Aussi la période des mangues constitue une source de souci pour les parents à Koulikoro. De sources médicales et scolaires les fractures sont fréquentes parmi les élèves et les enfants non scolarisés. Même s’il n’y a pas de statistiques, la fréquence des cas de fractures doit interpeller les autorités de la ville. Heureusement, pour le moment, on n’a pas encore enregistré de perte en vie humaine comme ce fut le cas l’année dernière. Le début de l’hivernage coïncide avec la période des mangues. C’est le moment idéal pour les garçons pour grimper sur les manguiers afin de cueillir des fruits. “Les blessures jouent beaucoup sur les études des enfants”, regrette un enseignant de l’école de Delassus Camara.

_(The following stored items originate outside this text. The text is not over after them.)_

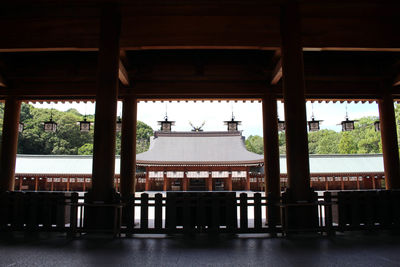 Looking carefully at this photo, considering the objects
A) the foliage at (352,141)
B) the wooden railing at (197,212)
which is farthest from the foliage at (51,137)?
the foliage at (352,141)

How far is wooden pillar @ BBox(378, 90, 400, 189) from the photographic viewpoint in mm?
7254

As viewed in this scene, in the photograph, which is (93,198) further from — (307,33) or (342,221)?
(307,33)

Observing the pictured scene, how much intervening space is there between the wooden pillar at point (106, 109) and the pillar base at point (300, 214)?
9.48ft

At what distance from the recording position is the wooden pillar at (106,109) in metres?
4.32

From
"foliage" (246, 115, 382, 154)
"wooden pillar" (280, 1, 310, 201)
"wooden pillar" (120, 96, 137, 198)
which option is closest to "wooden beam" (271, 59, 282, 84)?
"wooden pillar" (280, 1, 310, 201)

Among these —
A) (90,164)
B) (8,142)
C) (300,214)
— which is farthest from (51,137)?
(300,214)

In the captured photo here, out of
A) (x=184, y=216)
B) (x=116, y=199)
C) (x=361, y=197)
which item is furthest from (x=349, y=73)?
(x=116, y=199)

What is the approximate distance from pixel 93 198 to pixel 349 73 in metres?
7.06

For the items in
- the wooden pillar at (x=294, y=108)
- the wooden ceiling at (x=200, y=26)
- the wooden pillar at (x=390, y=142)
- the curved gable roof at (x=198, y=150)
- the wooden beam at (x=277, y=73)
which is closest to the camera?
the wooden pillar at (x=294, y=108)

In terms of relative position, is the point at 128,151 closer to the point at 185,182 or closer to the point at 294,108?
the point at 294,108

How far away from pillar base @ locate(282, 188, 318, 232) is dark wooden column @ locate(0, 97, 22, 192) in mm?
7540

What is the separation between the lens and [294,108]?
14.6ft

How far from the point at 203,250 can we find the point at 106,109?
274 centimetres

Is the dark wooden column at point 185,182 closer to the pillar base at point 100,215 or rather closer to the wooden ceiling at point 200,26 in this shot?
the wooden ceiling at point 200,26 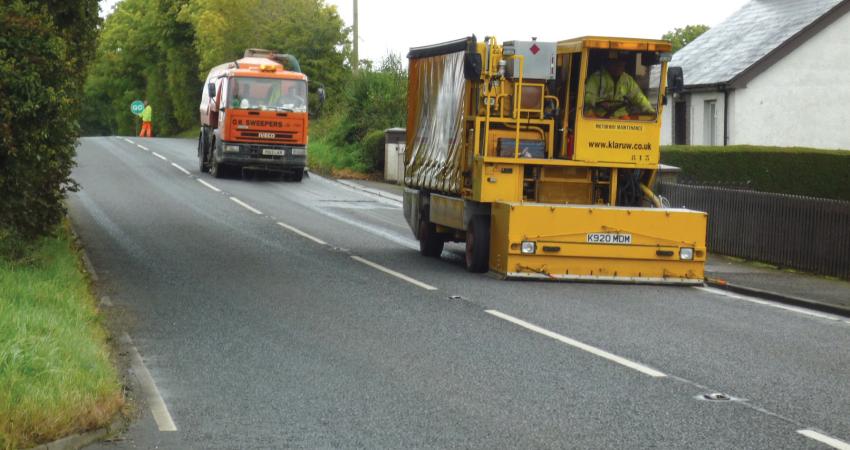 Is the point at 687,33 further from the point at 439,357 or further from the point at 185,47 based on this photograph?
the point at 439,357

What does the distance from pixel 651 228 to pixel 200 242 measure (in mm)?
7698

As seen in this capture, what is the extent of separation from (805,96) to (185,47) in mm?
50496

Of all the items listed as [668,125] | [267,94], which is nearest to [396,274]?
[267,94]

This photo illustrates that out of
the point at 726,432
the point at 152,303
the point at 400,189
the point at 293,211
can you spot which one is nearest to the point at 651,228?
the point at 152,303

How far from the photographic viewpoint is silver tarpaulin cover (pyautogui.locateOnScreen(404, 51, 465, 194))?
18719mm

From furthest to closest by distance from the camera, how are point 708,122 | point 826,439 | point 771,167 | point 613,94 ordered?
point 708,122, point 771,167, point 613,94, point 826,439

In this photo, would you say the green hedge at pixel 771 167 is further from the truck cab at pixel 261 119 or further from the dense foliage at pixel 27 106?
the dense foliage at pixel 27 106

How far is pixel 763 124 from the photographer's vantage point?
3775 centimetres

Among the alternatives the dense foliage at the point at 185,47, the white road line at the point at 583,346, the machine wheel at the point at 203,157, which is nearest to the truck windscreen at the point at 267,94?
the machine wheel at the point at 203,157

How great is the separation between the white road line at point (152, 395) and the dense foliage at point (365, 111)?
3291 centimetres

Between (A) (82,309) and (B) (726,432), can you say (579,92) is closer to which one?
(A) (82,309)

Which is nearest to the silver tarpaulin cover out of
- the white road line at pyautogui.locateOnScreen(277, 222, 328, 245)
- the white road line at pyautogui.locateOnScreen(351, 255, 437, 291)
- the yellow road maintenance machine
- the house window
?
the yellow road maintenance machine

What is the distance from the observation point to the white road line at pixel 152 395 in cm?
809

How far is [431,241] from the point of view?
2038 cm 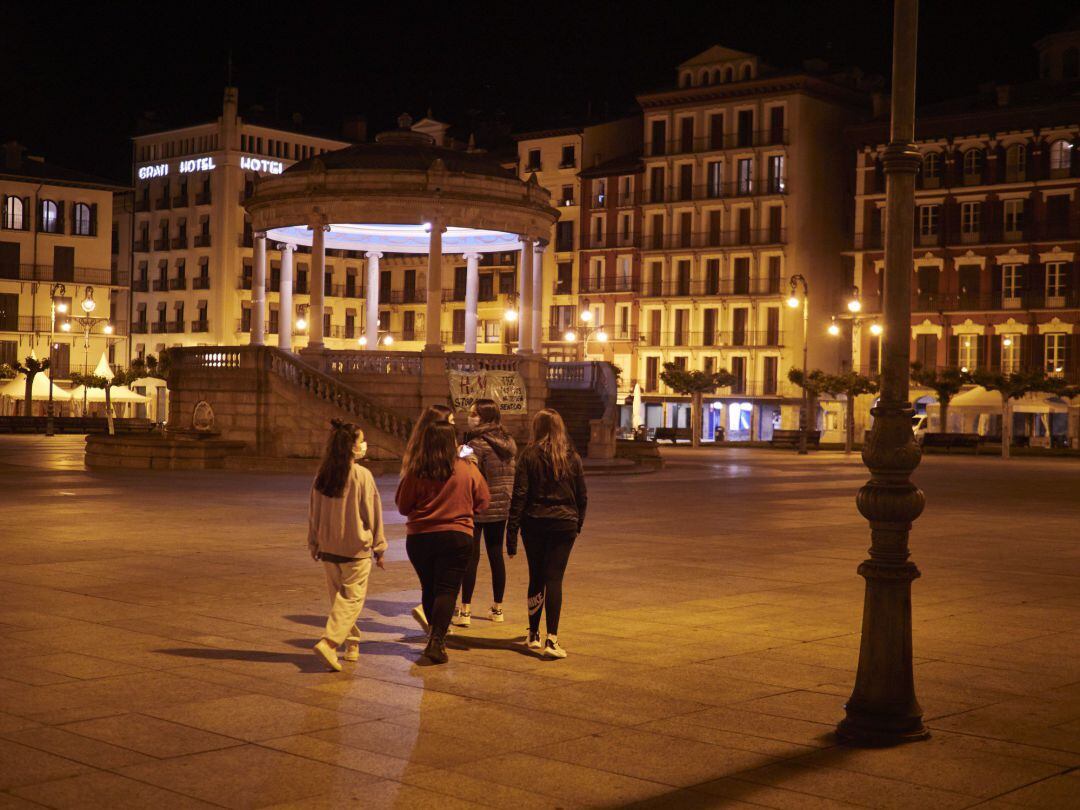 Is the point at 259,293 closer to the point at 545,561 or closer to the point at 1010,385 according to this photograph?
the point at 1010,385

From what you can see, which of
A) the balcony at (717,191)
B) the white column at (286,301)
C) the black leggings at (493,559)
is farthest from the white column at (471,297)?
the balcony at (717,191)

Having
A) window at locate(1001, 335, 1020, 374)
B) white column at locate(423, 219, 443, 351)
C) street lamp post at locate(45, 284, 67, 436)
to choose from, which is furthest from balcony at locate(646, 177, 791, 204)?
white column at locate(423, 219, 443, 351)

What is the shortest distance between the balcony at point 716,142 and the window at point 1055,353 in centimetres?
2029

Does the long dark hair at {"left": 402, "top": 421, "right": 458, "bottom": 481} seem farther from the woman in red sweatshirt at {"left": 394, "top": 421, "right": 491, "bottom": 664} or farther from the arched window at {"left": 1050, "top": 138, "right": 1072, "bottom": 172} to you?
the arched window at {"left": 1050, "top": 138, "right": 1072, "bottom": 172}

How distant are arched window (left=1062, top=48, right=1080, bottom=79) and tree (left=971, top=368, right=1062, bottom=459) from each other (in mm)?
24690

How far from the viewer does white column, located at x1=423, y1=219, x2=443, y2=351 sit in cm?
4412

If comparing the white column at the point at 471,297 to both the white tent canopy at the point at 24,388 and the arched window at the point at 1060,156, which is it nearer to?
the white tent canopy at the point at 24,388

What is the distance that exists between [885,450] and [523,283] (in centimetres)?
3856

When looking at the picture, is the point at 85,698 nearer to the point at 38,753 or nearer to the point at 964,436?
the point at 38,753

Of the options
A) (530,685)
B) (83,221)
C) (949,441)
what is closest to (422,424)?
(530,685)

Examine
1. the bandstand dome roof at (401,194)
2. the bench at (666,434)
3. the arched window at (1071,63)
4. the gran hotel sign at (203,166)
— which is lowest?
the bench at (666,434)

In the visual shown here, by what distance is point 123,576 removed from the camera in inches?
622

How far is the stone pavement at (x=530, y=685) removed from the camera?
25.4 feet

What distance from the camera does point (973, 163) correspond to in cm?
8656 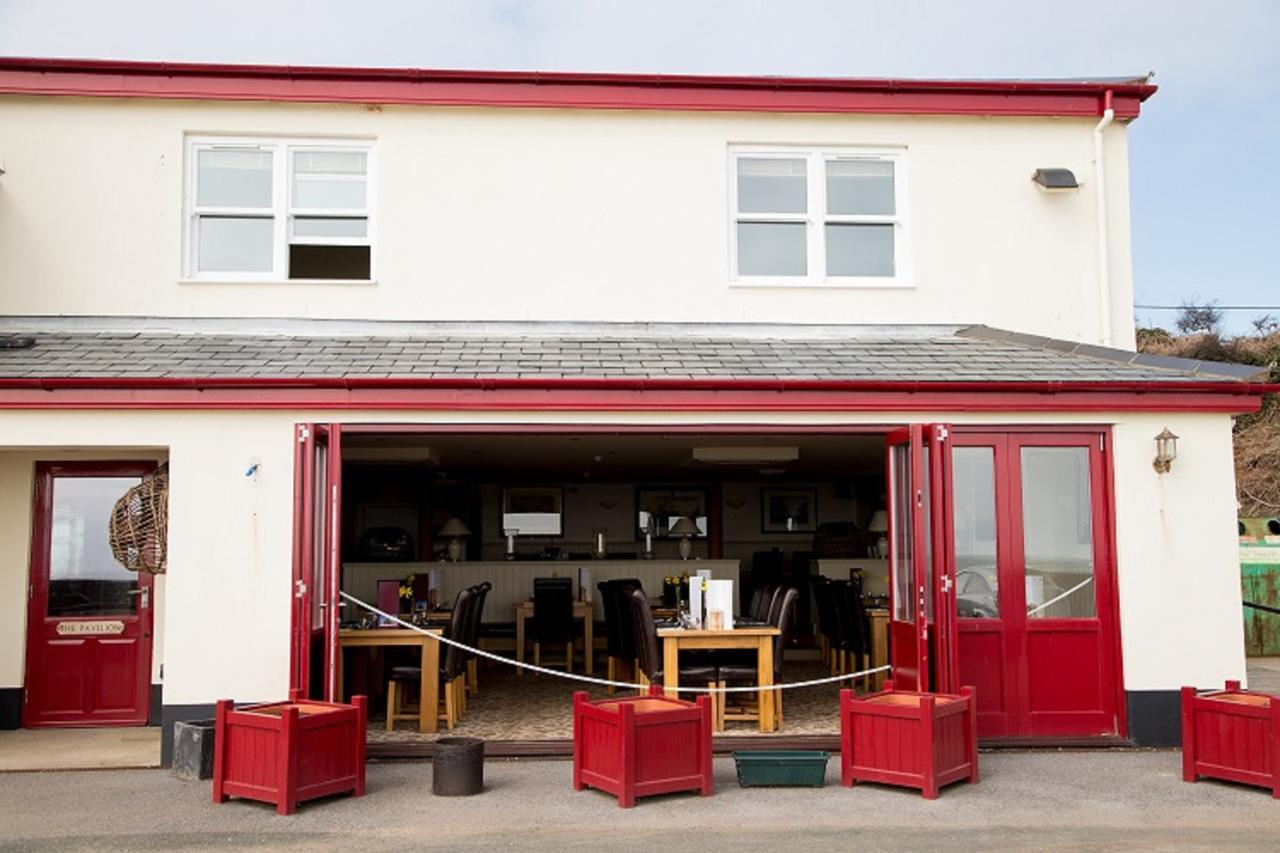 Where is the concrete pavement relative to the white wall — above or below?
below

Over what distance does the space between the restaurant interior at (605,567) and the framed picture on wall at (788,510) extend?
20 mm

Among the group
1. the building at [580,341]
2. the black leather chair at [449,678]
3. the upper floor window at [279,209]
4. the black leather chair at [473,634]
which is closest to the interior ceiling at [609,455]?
the building at [580,341]

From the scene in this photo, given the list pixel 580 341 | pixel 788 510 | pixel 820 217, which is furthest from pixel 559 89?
pixel 788 510

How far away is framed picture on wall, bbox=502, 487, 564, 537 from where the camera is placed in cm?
1670

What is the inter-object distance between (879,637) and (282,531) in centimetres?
587

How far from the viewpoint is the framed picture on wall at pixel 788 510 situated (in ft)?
56.2

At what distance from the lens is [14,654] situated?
9.52 metres

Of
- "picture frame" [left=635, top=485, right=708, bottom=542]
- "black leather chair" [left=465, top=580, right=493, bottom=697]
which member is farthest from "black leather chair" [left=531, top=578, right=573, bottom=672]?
"picture frame" [left=635, top=485, right=708, bottom=542]

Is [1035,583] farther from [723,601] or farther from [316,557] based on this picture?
[316,557]

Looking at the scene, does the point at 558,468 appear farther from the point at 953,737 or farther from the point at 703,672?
the point at 953,737

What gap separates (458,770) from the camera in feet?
23.8

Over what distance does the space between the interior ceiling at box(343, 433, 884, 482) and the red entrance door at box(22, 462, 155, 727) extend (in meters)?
2.07

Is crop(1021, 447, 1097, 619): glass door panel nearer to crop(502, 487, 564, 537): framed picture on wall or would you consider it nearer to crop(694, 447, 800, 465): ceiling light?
crop(694, 447, 800, 465): ceiling light

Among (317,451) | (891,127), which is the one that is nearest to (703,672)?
(317,451) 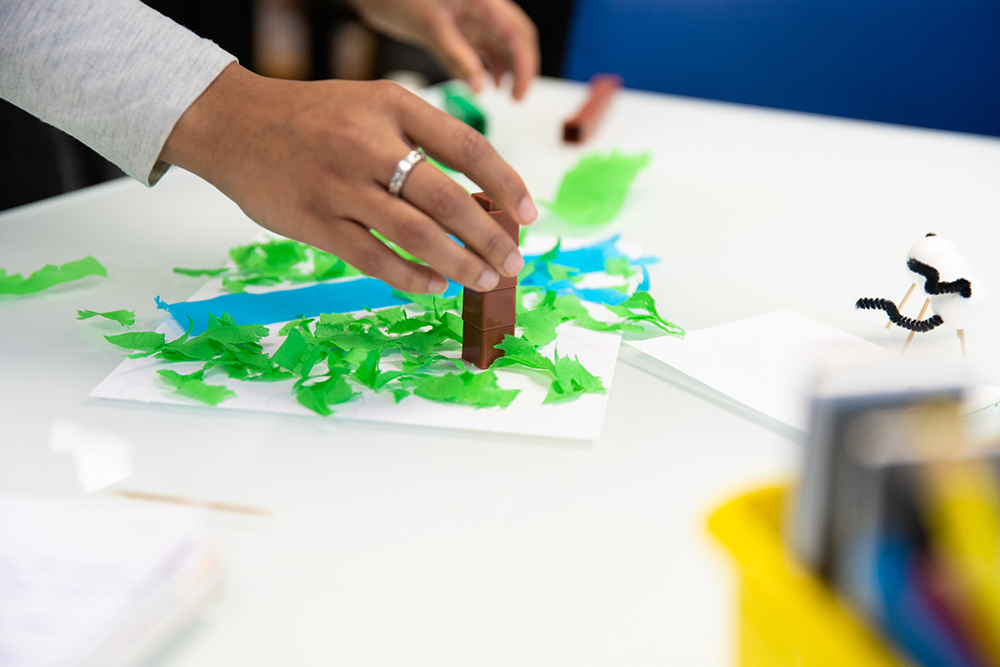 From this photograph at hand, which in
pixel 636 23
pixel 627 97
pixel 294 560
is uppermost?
pixel 636 23

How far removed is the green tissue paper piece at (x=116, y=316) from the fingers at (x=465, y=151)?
315 mm

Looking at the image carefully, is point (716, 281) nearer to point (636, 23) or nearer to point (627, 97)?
point (627, 97)

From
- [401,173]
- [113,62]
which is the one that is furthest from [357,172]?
[113,62]

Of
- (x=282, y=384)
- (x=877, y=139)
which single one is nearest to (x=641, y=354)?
(x=282, y=384)

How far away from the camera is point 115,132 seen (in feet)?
2.31

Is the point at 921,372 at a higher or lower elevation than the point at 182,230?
higher

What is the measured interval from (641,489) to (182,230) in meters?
0.69

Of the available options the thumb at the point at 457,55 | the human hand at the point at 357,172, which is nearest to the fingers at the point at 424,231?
the human hand at the point at 357,172

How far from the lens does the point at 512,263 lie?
0.65 metres

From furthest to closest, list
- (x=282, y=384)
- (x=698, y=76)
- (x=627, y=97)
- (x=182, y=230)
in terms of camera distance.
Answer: (x=698, y=76), (x=627, y=97), (x=182, y=230), (x=282, y=384)

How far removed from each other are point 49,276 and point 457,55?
0.70m

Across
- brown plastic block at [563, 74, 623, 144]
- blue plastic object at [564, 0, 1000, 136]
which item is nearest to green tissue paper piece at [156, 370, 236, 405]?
brown plastic block at [563, 74, 623, 144]

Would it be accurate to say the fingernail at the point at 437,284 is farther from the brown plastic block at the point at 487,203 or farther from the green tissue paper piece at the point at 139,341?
the green tissue paper piece at the point at 139,341

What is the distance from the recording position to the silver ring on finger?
63 centimetres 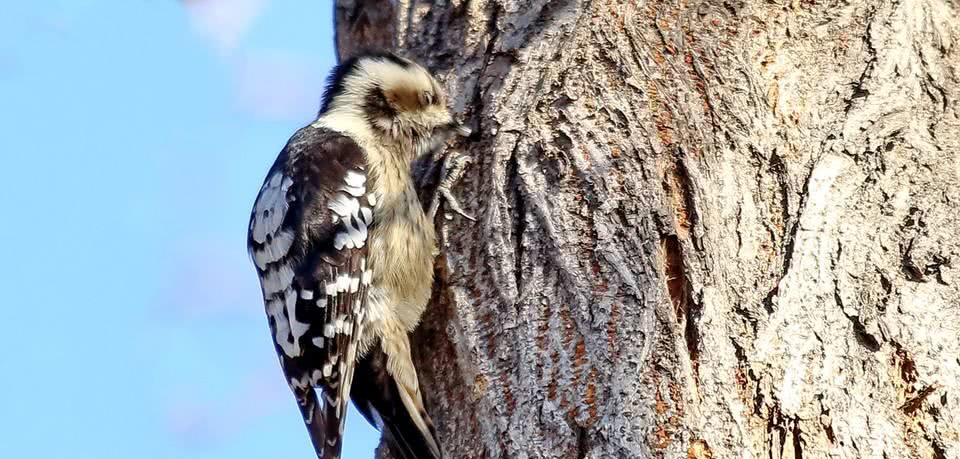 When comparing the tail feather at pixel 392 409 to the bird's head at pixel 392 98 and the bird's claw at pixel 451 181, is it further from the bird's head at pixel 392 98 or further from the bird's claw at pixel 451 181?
the bird's head at pixel 392 98

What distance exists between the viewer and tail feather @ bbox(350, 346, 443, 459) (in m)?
3.19

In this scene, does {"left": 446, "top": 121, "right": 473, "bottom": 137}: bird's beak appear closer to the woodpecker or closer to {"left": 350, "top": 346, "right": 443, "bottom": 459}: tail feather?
the woodpecker

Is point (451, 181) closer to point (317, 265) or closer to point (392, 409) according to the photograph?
point (317, 265)

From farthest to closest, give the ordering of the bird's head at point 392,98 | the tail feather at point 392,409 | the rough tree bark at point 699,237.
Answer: the bird's head at point 392,98 → the tail feather at point 392,409 → the rough tree bark at point 699,237

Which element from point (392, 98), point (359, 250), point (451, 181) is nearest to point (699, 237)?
point (451, 181)

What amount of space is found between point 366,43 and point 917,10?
2.03 meters

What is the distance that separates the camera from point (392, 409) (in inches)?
132

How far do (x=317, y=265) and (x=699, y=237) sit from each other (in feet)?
4.04

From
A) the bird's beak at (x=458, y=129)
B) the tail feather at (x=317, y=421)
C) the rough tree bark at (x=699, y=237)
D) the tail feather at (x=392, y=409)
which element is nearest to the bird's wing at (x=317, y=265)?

Quant aux filles elles opèrent dans les vergers de mangues entre 4 heures et 6 heures du matin. Elles sont généralement organisées en groupe de deux à cinq jeunes filles, munies de perches pour cueillir les mangues. Les seaux et de bassines servent à transporter les mangues. Pour s’éclairer, elles utilisent des lampes torches ou des téléphones portables. Il yen a qui, parfois, bravent l’obscurité s’exposant ainsi aux dangers comme des morsures de serpents. Souvent des affrontements éclatent entre les groupes qui se disputent l’occupation de zones.
Les jeunes filles se disent prêtes à braver tous les dangers et invoquent souvent le proverbe : “Qui laboure au soleil mangera à l’ombre”. Aïssata Kané, 10 ans, explique que la cueillette des mangues lui permet d’aider sa mère, son père étant décédé. “L’argent que je vais recevoir après la vente de ces mangues servira à l’achat de mes chaussures et des bricoles”, ajoute-t-elle. “Il faut apprendre à se prendre en charge”, croit fermement Kadidia Fofana, 12 ans.
La plupart des parents estiment que loin d’être répréhensible la cueillette des mangues par les filles entre purement dans un cadre éducatif et culturel. “Il faut apprendre à l’enfant à se débrouiller afin qu’il soit indépendant économiquement. Ces aventures permettent de former et préparer ces filles pour l’avenir”, estime Karamogo Kané. Surtout que l’avenir est de plus en plus difficile à assurer au moment où il n’est pas facile pour les jeunes de se trouver un emploi.